Working with data in Excel can be simple, but it can also be challenging and time-consuming, especially when working with multiple sources and formats of data. Data has to fit into rows and columns, has size limitations, and joining data from multiple spreadsheets requires complex formulas that leave your results vulnerable to errors. What’s more, whenever your data changes, you have to repeat each step in the data prep and blending process all over again.
Alteryx takes a different approach with a workflow-based environment that allows you to prep, blend, and analyze data from multiple data sources and types, including unstructured data. And because you spend your time constructing a repeatable workflow that documents exactly how you work with data, you simply have to re-run the workflow any time your data changes — resulting in less time spent analyzing data, fewer errors, and greater consistency.
We’ve listed some of the most common data-related tasks that many analysts attempt to do in Excel. Alongside, we show how you would do it using Alteryx. These examples are meant to help Excel users understand how to translate their Excel knowledge into an Alteryx tool and workflow environment.

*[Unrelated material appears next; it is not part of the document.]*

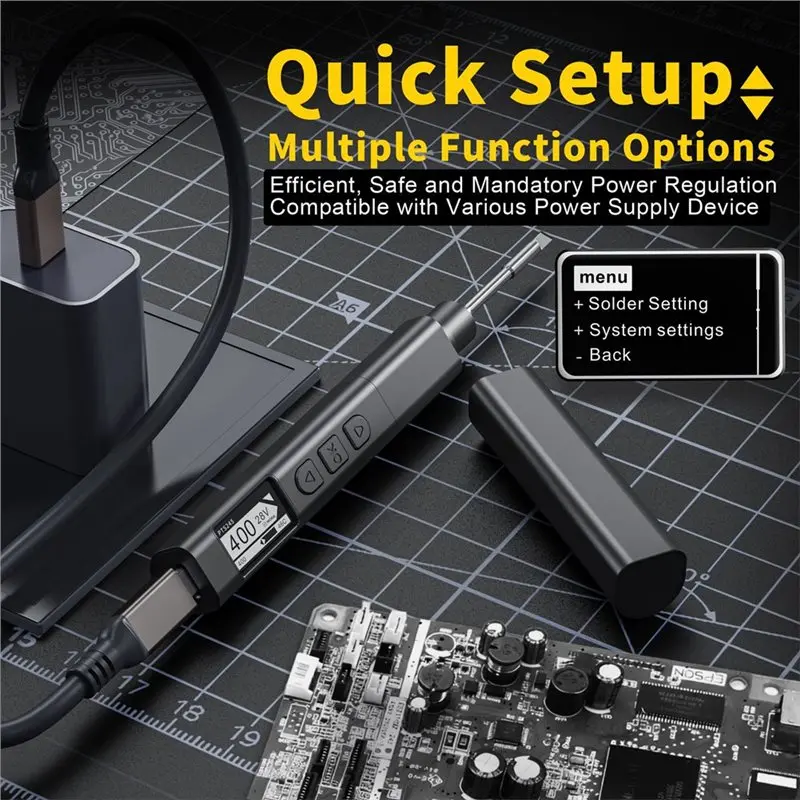 【SURPISE】PTS245 PD3.1 140W Smart Digital Mini Soldering Iron Kit Solder Station Electronic Repair DIY Tool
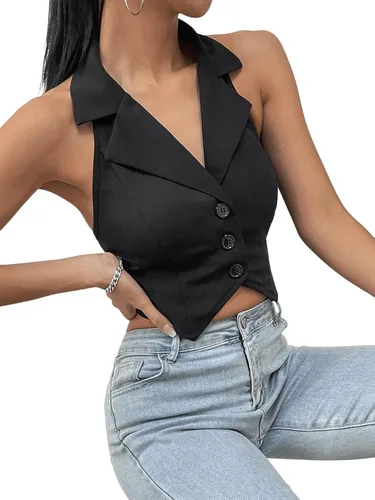 Vista 5 de Verdusa Chaleco de mujer con cuello de muesca y espalda descubierta, dobladillo asimétrico con botones en la parte delantera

To learn more about how Alteryx can help empower Excel users, download the e-book A Radical Guide to Data Analytics Mastery for Spreadsheet Users. Then, follow along by downloading a free trial of Alteryx.
To open the Excel program, click File and then click Open.
To access data in Alteryx, you drag-and-drop an Input Data Tool onto the canvas, locate the database, and simply select. Then click on the Connect a File or Database drop down in the configuration section.
Locate the folder in which the file is located, then just click and open.
Next, find your file wherever it might be located.
Excel can open a limited amount of structured data from local files.
Alteryx offers users a wide range of data access to multiple sources and structures of data. Using the Input Tool, users can access data locally from Excel, Access, XML, SAS, SPSS, MapInfo, as well as data stored in databases or HDFS.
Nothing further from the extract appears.